Too Long At The Fair
September 13th, 2010

Living in Utah means you probably won’t find out what’s happening until at least twenty years after it’s happened. Only today I learned there was once an R&B group known as Midnight Star and an African-American hairstyle called “Jheri curls.”

Until just last week a black singer wearing Jeri curls was seen in local television ads promoting the Utah State Fair. But now he has suddenly disappeared.

“We felt that the ads didn’t meet the demographics that we felt need to happen,” state fair board chairman Lorin Moench told a reporter from The Salt Lake Tribune. “We are trying to get families to come to the fair and to represent the agriculture interests of the state.”
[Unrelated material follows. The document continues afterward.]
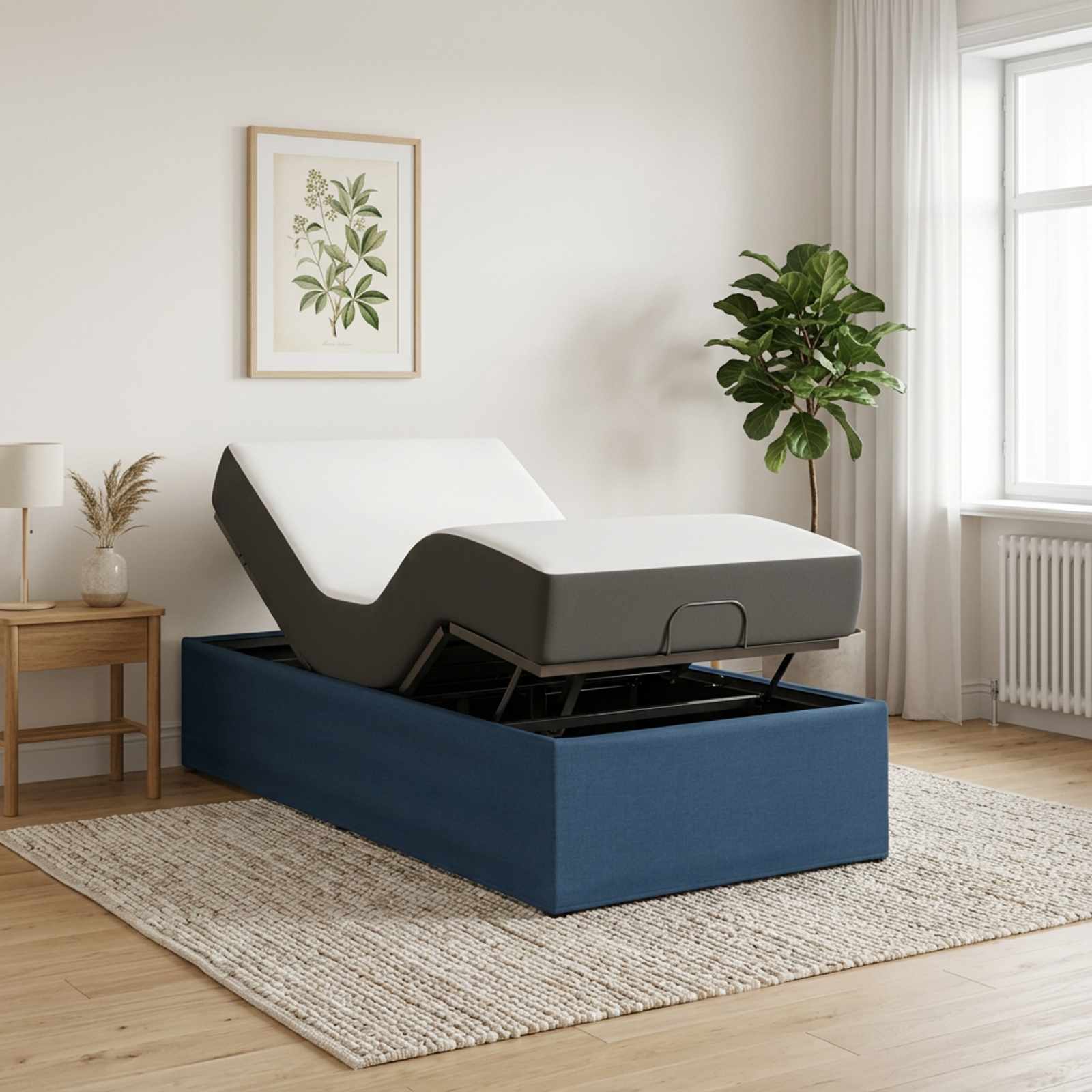 42037311_1.jpg vidaXL Elektrický nastaviteľný rám postele Modrá 200 x 100 x 33,5 cm – Obrázok 1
Producer of the videos, Jared Hess, fears racism is behind the board’s decision, but I suspect it’s even worse than that. I would call it cluelessness.

Previously, Hess has produced promos for the fair starring characters from his breakout film “Napoleon Dynamite.” No one on the fair board objected. Why? Because Napoleon Dynamite and his semiconscious friend Pedro are exactly the Utah State Fair demographic!
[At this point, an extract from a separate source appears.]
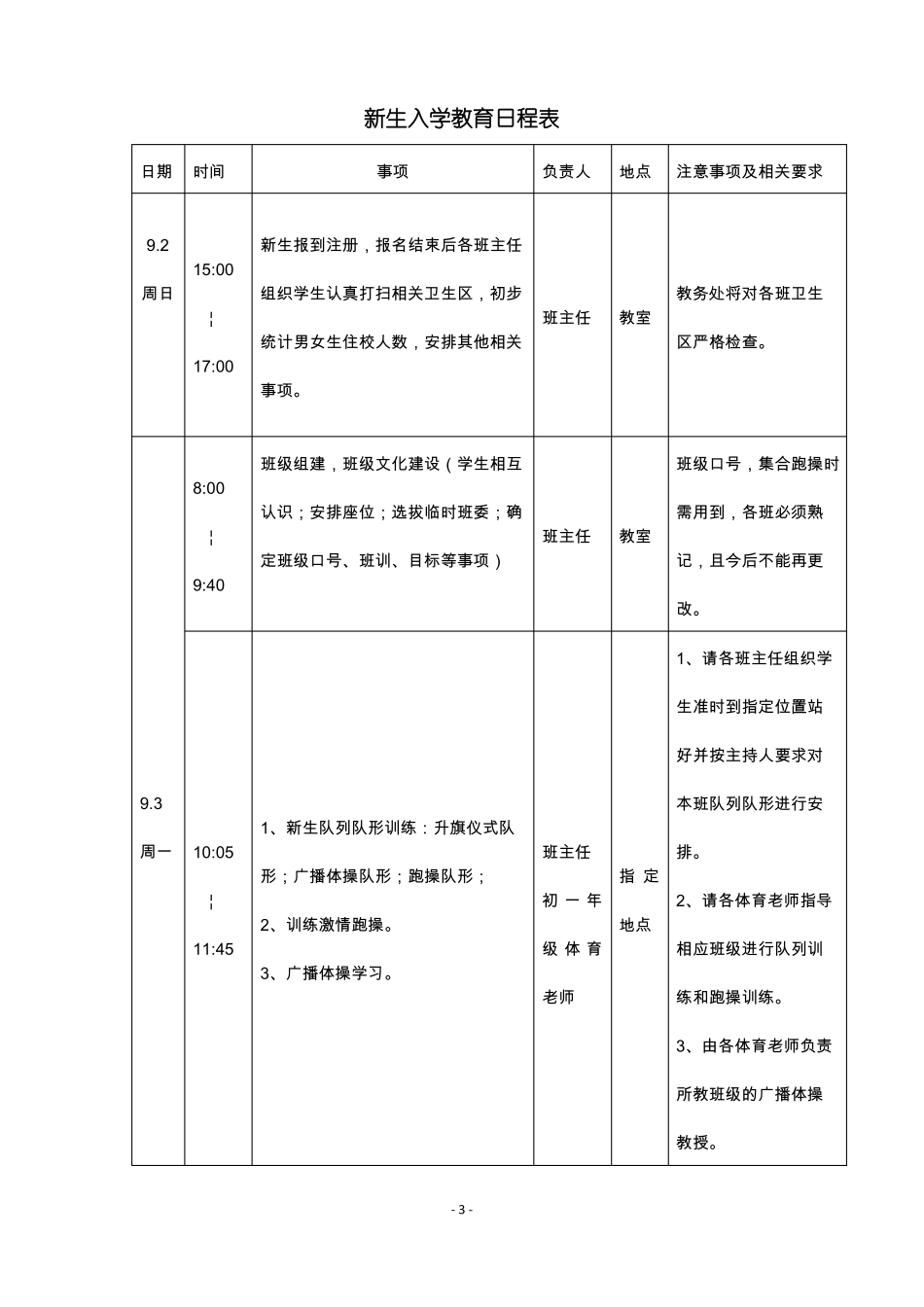新生入学教育实施方案_第3页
I speak from hard-earned experience. Back in the Nineteen Eighties, when Midnight Star was evidently popular and Jheri curls were the all the rage, I had a job as official photographer of the Utah State Fair. It was, beyond the shadow of a doubt, the worst gig ever. For twelve straight days, from dawn to dusk and beyond, I was an inmate of the fairgrounds, in attendance at each and every chicken judging and beauty pageant. Corn on the cob, corndogs on a stick, racing pigs, cotton candy, cloggers, yodelers, cowboys, ropin’ and ridin’—you name it, I was there. I had to be. I couldn’t leave.

Oh, sometimes I would wander off to the midway, where I was befriended by the carnies—a surprising number of whom, like me, were once famous writers. That’s right! I was once a famous writer, or at any rate I imagined myself to be. But then the magazine I wrote for went under and I fell on hard times. The state fair looked like a good bet because it was so far removed from the smart side of town I figured nobody there would have heard of me. And, indeed, no one knew my history. That was the good part. The bad part? Any measure of sophistication or insight I brought to the task worked against me. It soon became all too evident I had no idea how to photograph a dairy cow.
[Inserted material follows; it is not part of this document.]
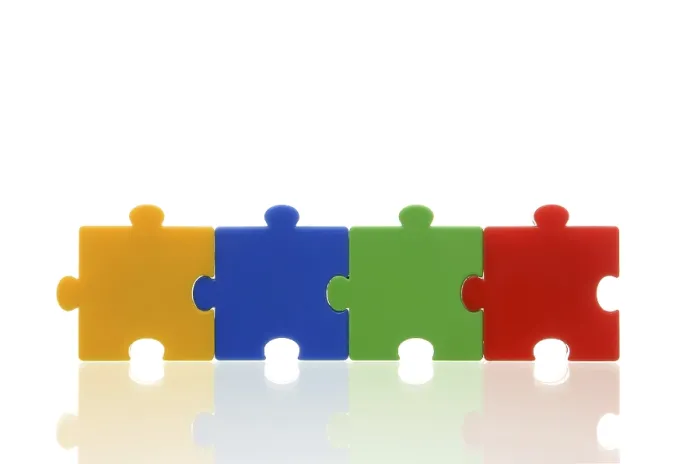 Framed Print : Four Coloured Puzzle Pieces Print, Symbolic Team Unity Framed Print : Four Coloured Puzzle Pieces Print, Symbolic Team Unity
In my ignorance, I had asked the twelve people holding up various parts of the animal to step aside for a moment, which evidently isn’t how it is done in the country. Screw composition, judges are looking for configuration. Where is this guy from? Everybody asked. The city?

That was my problem, all right. I was a city slicker. I knew nothing of animal husbandry, cared naught for giant squash or bottled peaches. Moreover, only a handful of nightly musical acts rang a bell. Headliners like Tanya Tucker and Eddie Rabbitt were clearly nearing the end of their careers. The Drifters and Shirelles? To my dismay, I later learned these were not the original groups but rather lookalike, soundalike imposters. Elvis? I had heard that The King was dead, same as my writing career, but then one night the curtains parted and there he was. Still alive…or just playing Utah?